Otros países donde la extrema derecha gobierna como socios minoritarios de coalición son Estonia, Letonia y Eslovaquia, siendo este país el único miembro de la Unión Europea que cuenta con presencia neonazi en su parlamento. Todos comparten una posición nacionalista, identitaria, tradicionalista y xenófoba. En Eslovenia, la extrema derecha ya ha superado a los democristianos y lideran la oposición. En Bélgica, el partido nacionalista flamenco es la segunda fuerza. En Dinamarca y en Austria han retrocedido y son la tercera, pero sólo después que tanto los socialdemócratas daneses como los cristianodemócratas austríacos, ambos en el gobierno, mimetizasen su discurso. En la República Checa y en los Países Bajos, se mantienen sobre el 10%. En Croacia, Portugal y Rumanía, nuevas formaciones irrumpieron en las últimas elecciones y ya son la alternativa a las tradicionales, como es el caso de la Chega portuguesa.
Por último, Chipre, Bulgaria y Luxemburgo son los países donde la extrema derecha ocupa una menor posición en sus parlamentos.
Aun así, la presencia en los gobiernos no ha sido la única vía para que las políticas reaccionarias regresaran al presente, pues su influencia ha servido para que la derecha conservadora tradicional (y en ocasiones la socialdemocracia) las asumiera dentro de sus programas como algo políticamente aceptable, y con la corta visión de intentar frenar las posiciones electorales de la extrema derecha.
Toda esta situación es el producto de una larga acumulación de descontento con distintos rasgos.
Buena parte de la población europea ha visto que se empobrecía, perdía capacidad adquisitiva, generándole una sensación de insatisfacción, retroceso y miedo ante lo ajeno. Siente una profunda desafección hacia el “establishment político” y ve en las propuestas de la extrema derecha una posible solución a sus problemas.

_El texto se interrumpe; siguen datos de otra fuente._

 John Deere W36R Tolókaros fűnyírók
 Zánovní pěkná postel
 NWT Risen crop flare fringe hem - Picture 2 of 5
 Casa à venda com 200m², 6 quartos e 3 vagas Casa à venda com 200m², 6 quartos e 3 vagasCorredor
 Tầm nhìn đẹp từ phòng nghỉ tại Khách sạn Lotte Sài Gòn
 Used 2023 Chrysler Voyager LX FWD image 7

Amplios sectores de la sociedad son sensibles a una llamada nostálgica, recuerdo de otro tiempo que no era necesariamente más próspero ni más estable, aunque muchos sienten que, por supuesto lo era, y que coincidía con un mayor crecimiento económico, y una mayor prosperidad. Dentro de ese marco desempeña un papel importante el factor identitario. El nacionalismo se asienta en elementos culturales, religiosos, tradicionales y étnicos. Esa mezcla entre identidad y nostalgia conforma un conjunto de elementos que ejerce una atracción transversal en muchos países, a veces con especial intensidad en los sectores más humildes y con situaciones periféricas.

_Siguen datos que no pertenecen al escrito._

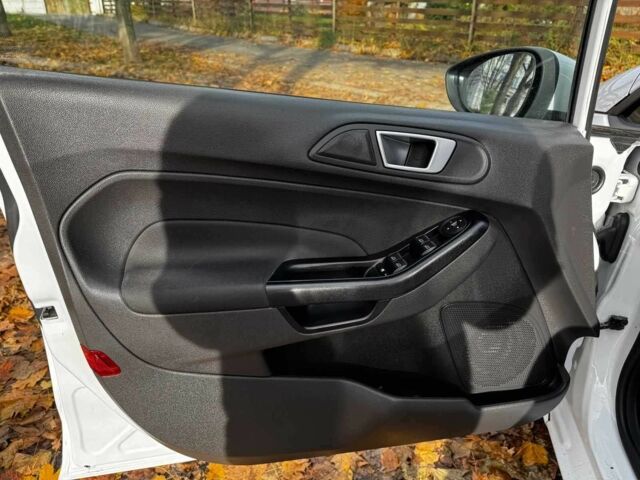 Белый Форд Фиеста, объемом двигателя 1.4 л и пробегом 149 тыс. км за 6940 $, фото 9 на Automoto.ua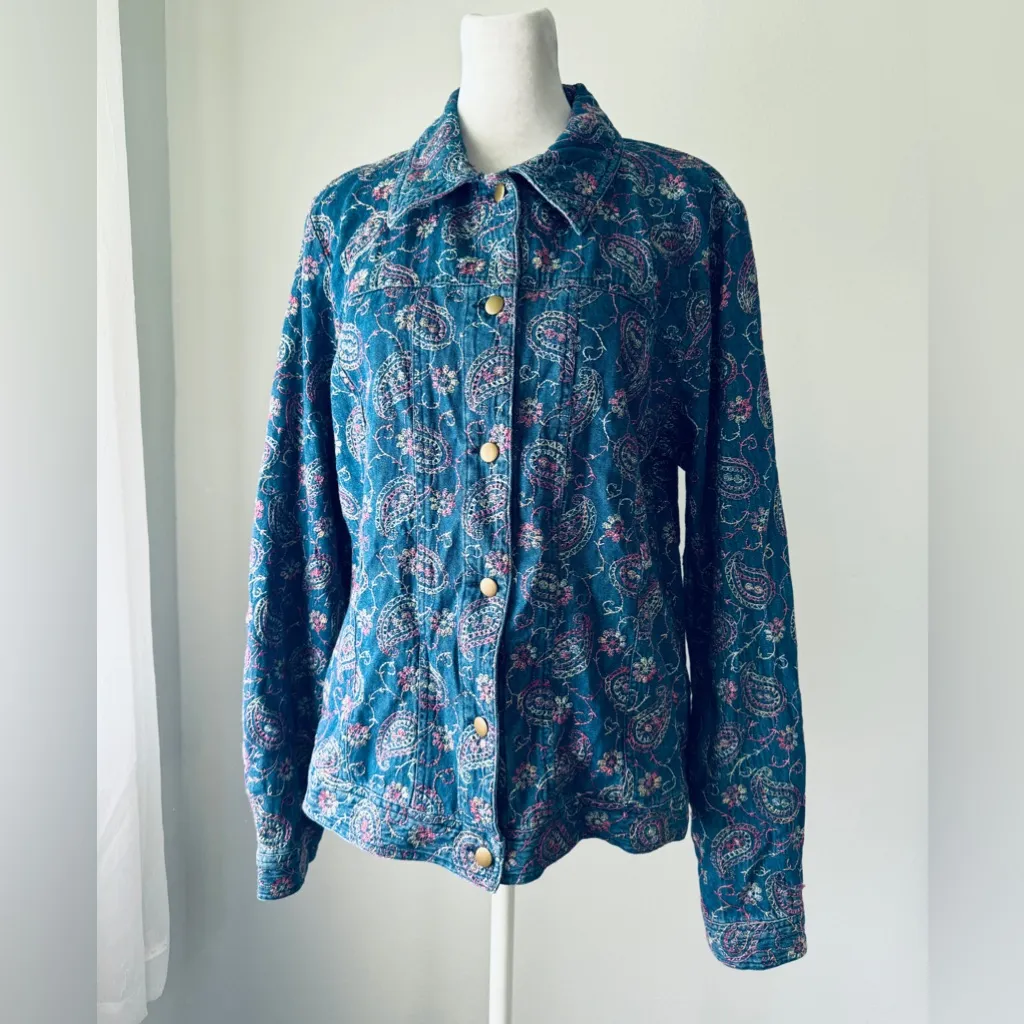 Vintage ‘90s Leslie Fay Embroidered Paisley Print Long Sleeve Button Down Shirt - Image 2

Otro fenómeno vinculado a ese descontento es el abstencionismo, con tasas récord en Francia o Italia. Otras viejas instituciones generan crecientes niveles de desconfianza, como los medios de comunicación tradicionales en muchos países. Así, vemos cómo el capitalismo globalizado ha creado las condiciones que han propiciado el auge reaccionario de la extrema derecha. Si durante años únicamente se percibió la facilidad del acceso de nuevos bienes de consumo, las grandes pérdidas de empleo que se produjeron con las deslocalizaciones industriales han sido algo muy evidente.
Ahora, la inflación derivada de la guerra, dónde Europa secunda en la OTAN al imperialismo yanqui, amenaza con aumentar el combustible de la reacción, erosionando el poder adquisitivo de forma especialmente dolorosa para la clase trabajadora y los sectores populares que contemplan con el sistema desde la lejanía. Con el nacionalismo identitario, la xenofobia y un patriotismo folclórico, el discurso racista junto al discurso antiinmigración como mínimo común denominador.
Y, para terminar, queda claro que la socialdemocracia y la derecha liberal, junto a la falta de unidad de una izquierda cada vez más residual y descafeinada en toda Europa, sin proyectos de vanguardia y poniendo la agenda de derechos por sobre la contradicción fundamental, agregado a una burocracia sindical arraigada a sus sillones y muy lejos de los intereses de clase, han sido determinantes para este auge de la extrema derecha en Europa.